Alice: Os seus pais têm alguma religião?

Fabiano: Pra falar a verdade, não faço a menor ideia se meu pai acredita ou deixa de acreditar em alguma coisa. Nunca conversamos sobre isso e eu nunca ouvi ele falar nesse assunto. Mas a minha mãe era católica e espírita ao mesmo tempo, ou pelo menos se dizia. Não do tipo que ia sempre à missa, mas rezava muito. E ia de vez em quando a sessões espíritas. Minha mãe também tinha uma crença própria dela, num mundo ideal, um planeta imaginário que ela chamava de seu “verdinho”.

Pensamentos de Fabiano: Acho que por isso minha mãe estava ok com o fato de eu me sentir um extra-terrestre, mas não digo isso a Alice.

Alice: Você tinha algum tipo de conflito com a sua mãe relacionado à religião?

Fabiano: Eu só ironizava, de vez em quando. Talvez o que eu dizia pudesse ser considerado uma coisa ofensiva. Mas é o tipo de coisa que eu só faria mesmo com uma pessoa próxima como a minha mãe. Por exemplo, quando ela fazia o sinal da cruz enquanto passávamos de carro por uma igreja, eu dizia que era como um soldado que presta continência para seu superior. Ou quando eu saía para viajar e ela dizia:

Mãe: “Vai com Deus, meu filho! Vou ficar aqui rezando pra você fazer boa viagem! Me liga quando chegar!”

Pensamentos de Fabiano: Eu respondia:

Fabiano: “Se Deus é onipresente, é uma redundância dizer ‘vai com Deus’. E se um cavalo atravessar a pista bem na hora que eu estiver passando, você acha que Deus vai tirar o meu pé do acelerador e apertar o freio pra mim? Eu que tenho que fazer isso, mãe!” A reza dela, pra mim, era muito mais uma forma de aliviar o próprio espírito. Mas minha mãe tirava de letra esse meu jeito. Achava graça.

Alice: Pelo visto, o sentido que você via nas orações era muito diferente do dela. Você se lembra de algum momento, de algum acontecimento específico que tenha influenciado essa sua forma de ver as coisas?

Fabiano: Não lembro. Acho que sempre fui desconfiado, questionador. Se a coisa não fazia sentido pra mim, se não me convencia, não tinha como eu acreditar. E eu imagino que desde que entendi como são grandes as desigualdades no mundo, passei a pensar que se existisse um Deus, ele era muito injusto. Aprendi o “Pai Nosso” e a “Ave Maria”. Sei de cor. Mas também aprendi a ficar calado nos natais em que as pessoas davam as mãos para rezar. Eu dava as mãos, mas não rezava. E junto com um amigo meu, que inclusive era filho de pastor, faltava às aulas de ensino religioso na escola.

Alice: O que você sente quando alguém expressa sua crença?

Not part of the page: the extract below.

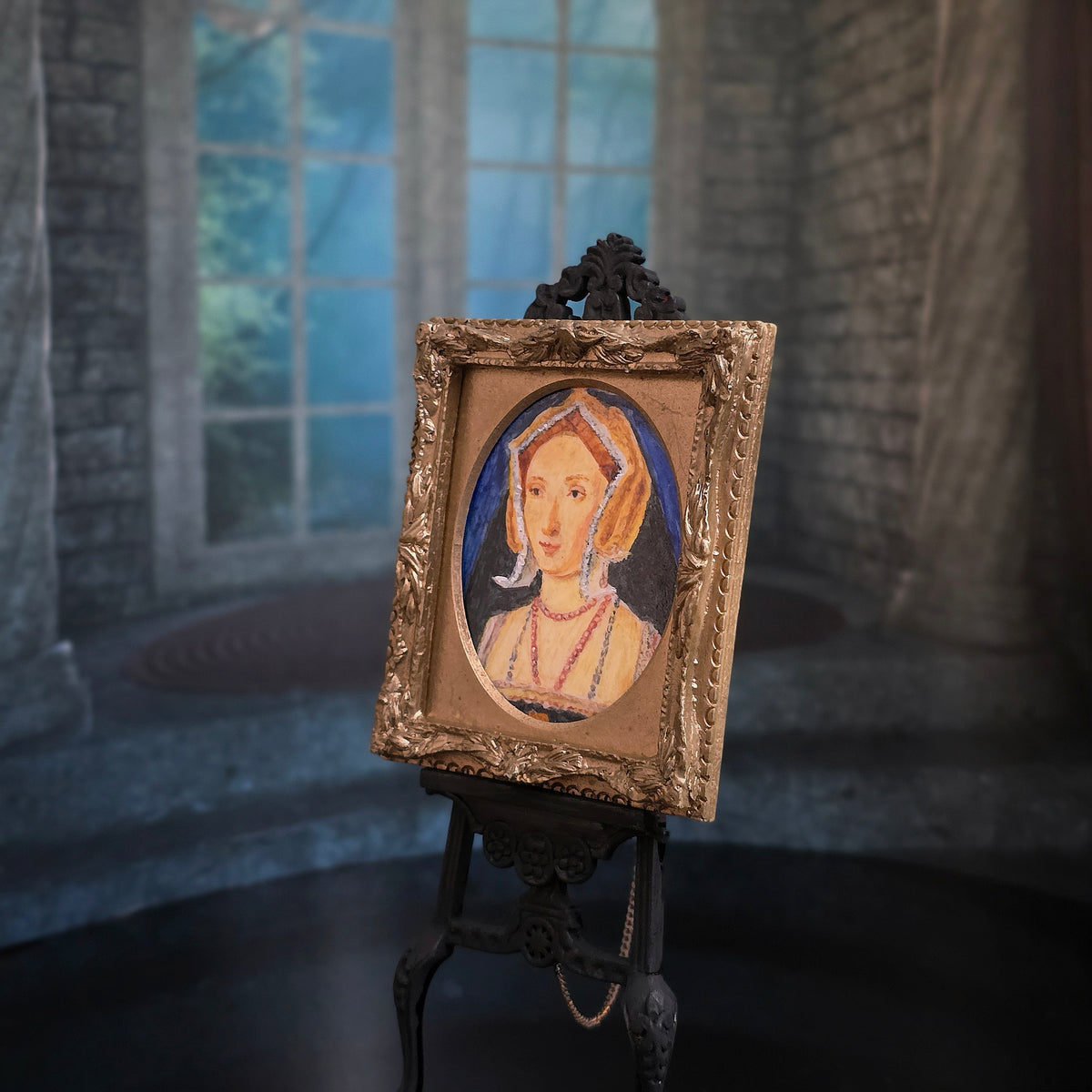 Marion Tucker “Portrait of Anne Boleyn” After Lucas Horenbout Dollhouse Painting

Fabiano: Se me incomodasse com isso, tava perdido, porque a maioria das pessoas acredita em alguma coisa, em algum Deus, pelo menos. E eu acho até que faz bem pra elas a crença. Acho que, no fundo, eu devo me incomodar com a minha falta de crença. Imagino que talvez não seja muito saudável não ter uma. Eu gosto da filosofia budista, mas tem certas coisas do budismo em que eu não acredito. E acho que me identifico mais com o politeísmo do que na crença em um único Deus todo poderoso. Por exemplo, no politeísmo grego e romano, tem o deus do céu, a deusa da terra, o deus do mar. No politeísmo indígena, tem o deus do sol, a deusa da lua, o deus do trovão. Ventos, tremores, marés, trovoadas a cada deus citado. Só que pra mim, não são entidades com forma humana. O ser humano é narcisista demais e imagina deuses à sua imagem e semelhança. Ou então, diz que Deus o criou à sua imagem e semelhança. Esses deuses, pra mim, são o que são: céu, terra, mar, sol, lua, trovão. Ou seja, não são deuses. Tá vendo só, Alice? Nem quando eu tento, chego perto de uma crença. 

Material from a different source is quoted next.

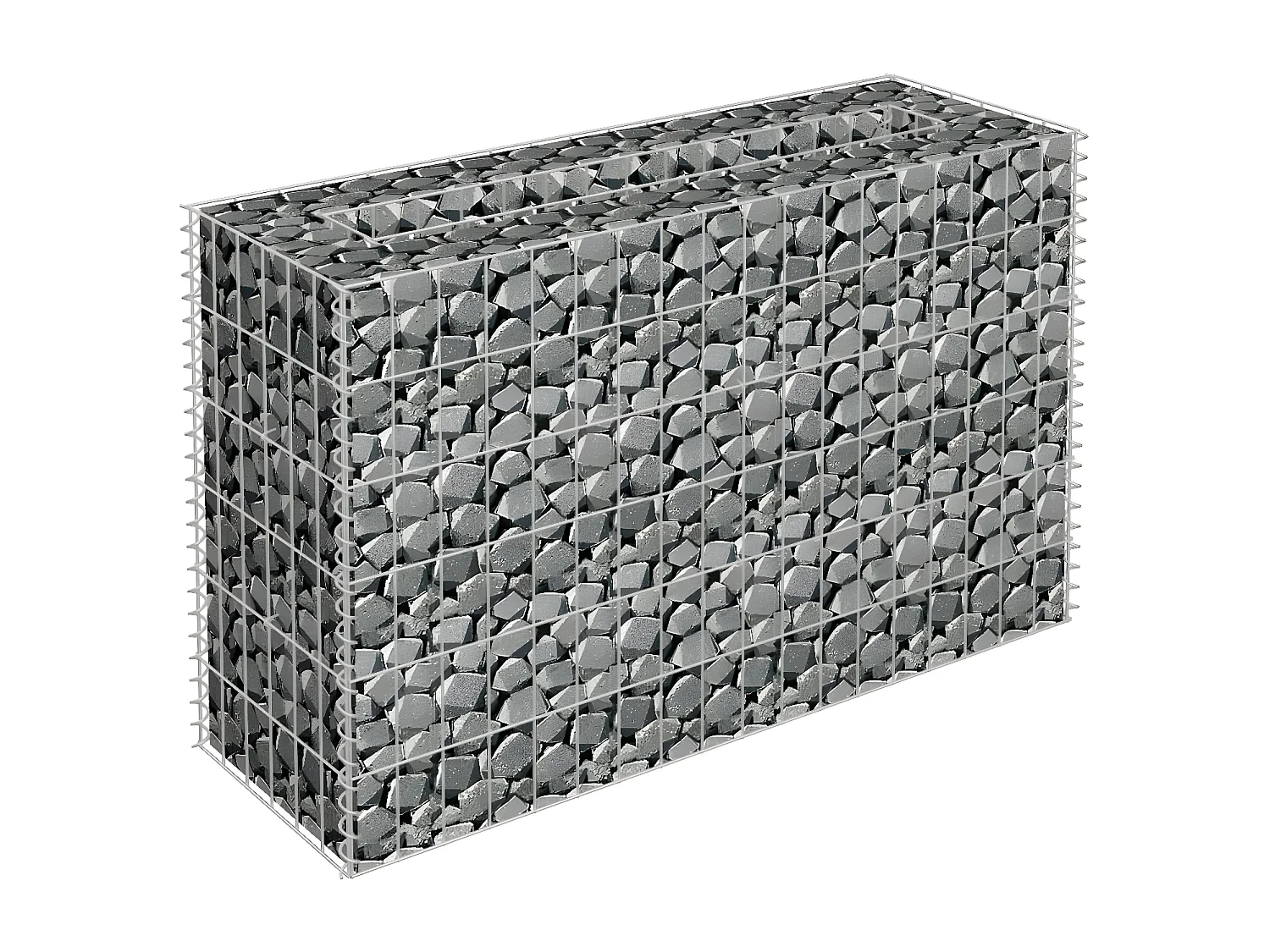 Lit surélevé à gabion Acier galvanisé 90x30x60 cm WVGQ6329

Alice: Vamos pensar um pouco nesse incômodo que você diz ter por aquilo que você imagina ser sua falta de crença. – sugeriu Alice. 

Fabiano: Você não acha que o meu problema de sono pode ter alguma relação com o meu ceticismo? Como uma perturbação do que as pessoas chamam de alma, de espírito… Falta de espiritualidade.

Alice: Você tem, Fabiano! Você não precisa ter uma religião para ter uma espiritualidade. A etimologia da palavra “religião” aponta pra pelo menos três sentidos originais no latim: o culto aos deuses, a releitura dos textos sagrados e a religação com algo maior do que nós mesmos, que é interpretado como divino. Muita gente precisa da religião para se reconectar com esse algo maior. Mas essa conexão, que a gente poderia chamar de cósmica, ou se você preferir, com o universo, a natureza, você já tem.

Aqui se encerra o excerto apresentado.